The first step to having satisfying sex is to understand what you enjoy. It is difficult for a partner to facilitate pleasure without any direction. Many people are uncertain of what they like or want for a variety of reasons. Cultural stigma and sexual shame can exacerbate this knowledge gap. So how do you figure out what you like in the bedroom? In this article, we’ll highlight how to better understand your own pleasure and offer reflection questions to guide your exploration.
Practical Tips for Learning What You Like in Bed
Read and watch erotica
“Erotica” is any sexually explicit literary or artistic work. It can be a great tool for exploring sexual interests alone or with a partner/partners. Erotica can include books, short stories, audio clips, drawings and more. Exploring erotica and taking note of what excites you will give you more information about what you may or may not enjoy during sex.
Explore your body and masturbation
Before bringing a partner into the mix, try intentionally touching and exploring your own body. This should go beyond just your genitals, although that can be important too. Try different types of touch like gentle versus firmer pressure. Let go of your assumptions of what you are “supposed” to like and explore freely. You can also try different types of masturbation, like acute versus broad stimulation, experimenting with sex toys, and varying your position like sitting versus lying down.

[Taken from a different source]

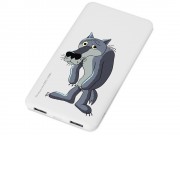 Внешний аккумулятор Жил-был Пес, 5000 mAh, белый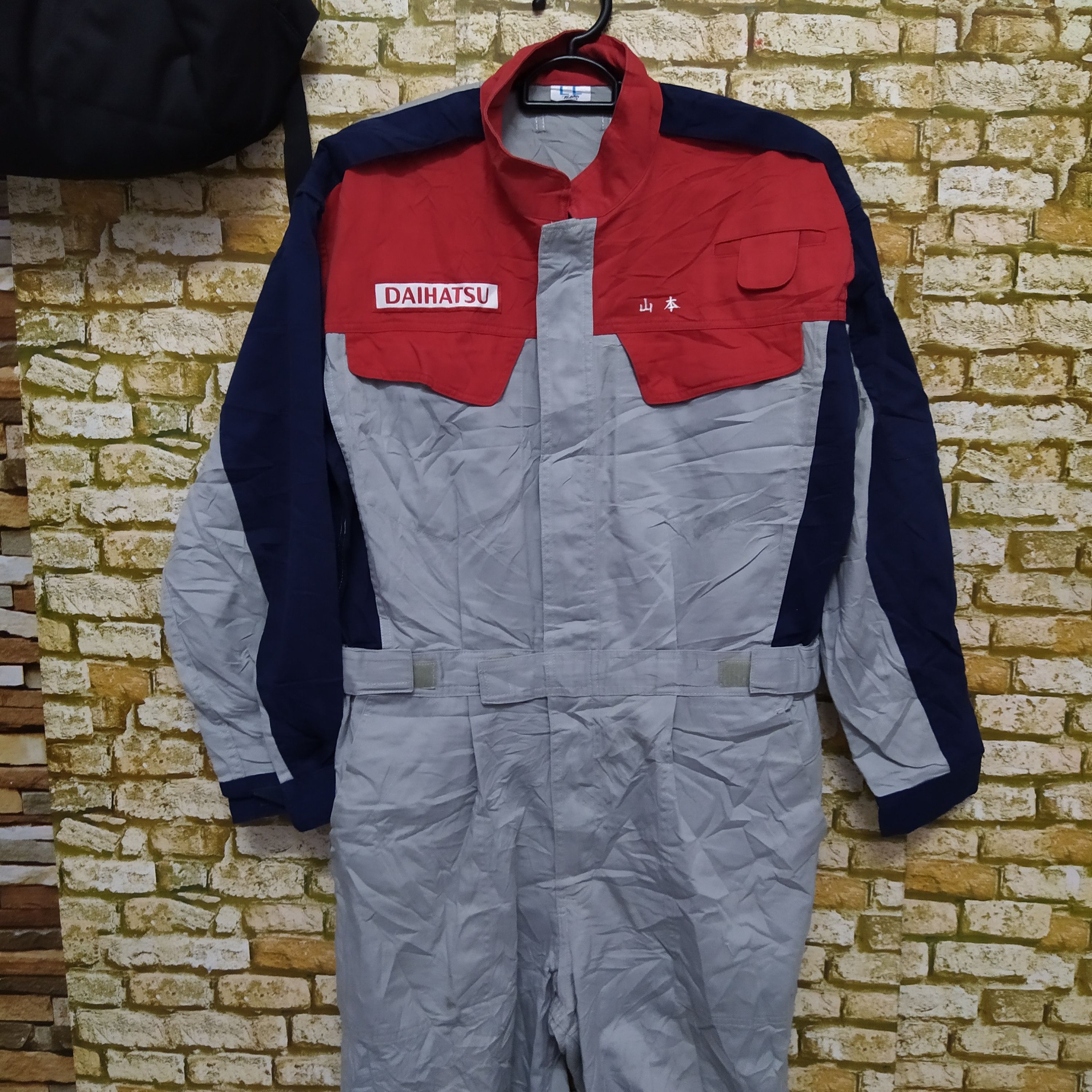 Vintage DAIHATSU COVERALLS RACING (D478) Size US 35 - 6 Thumbnail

Experiment with a trusted partner
The best way to learn what you enjoy during partnered sex is to try it out with a partner. Make sure you choose a partner who you can talk to about your curiosity, hesitations, and uncertainty. When you broach the subject, make sure to choose a time when they are in a headspace to talk about it and offer them time to think about it. If you decide to proceed, establish explicit expectations and a safe word. Afterwards, when you are ready, talk about how it went and whether or not you want to do it again.
Reflection Questions
Understanding your feelings about sex may also help you better understand your desires. Here are some questions to guide your reflection so you can better understand what you want during sex:
Are there parts of your body where you particularly enjoy being stimulated?
Are there parts of your body that you do not want a partner to touch?
How do you feel about integrating sex toys or props into your sex life?
Do you have sexual trauma that needs to be taken into account?
Do you like dirty talk?
Do you want to take the lead or do you want to be led?
How much stimulation do you want to receive versus give?
How do you want sex to make you feel? Do you want to feel loved, sexy, powerful, degraded, and/or something else?
What type of genital stimulation do you prefer?
Do you want to be penetrated?
What kind of sexual aftercare is important to you?
Takeaway
Knowing what you enjoy in bed is important for directing partners and maximizing your satisfaction. With techniques like self-exploration and reflection, you can hopefully figure out what works best for you. Factors like sexual trauma and shame can contribute to being unsure of your preferences. If you are experiencing roadblocks that are preventing you from learning your sexual desires, consider reaching out to a sex therapist.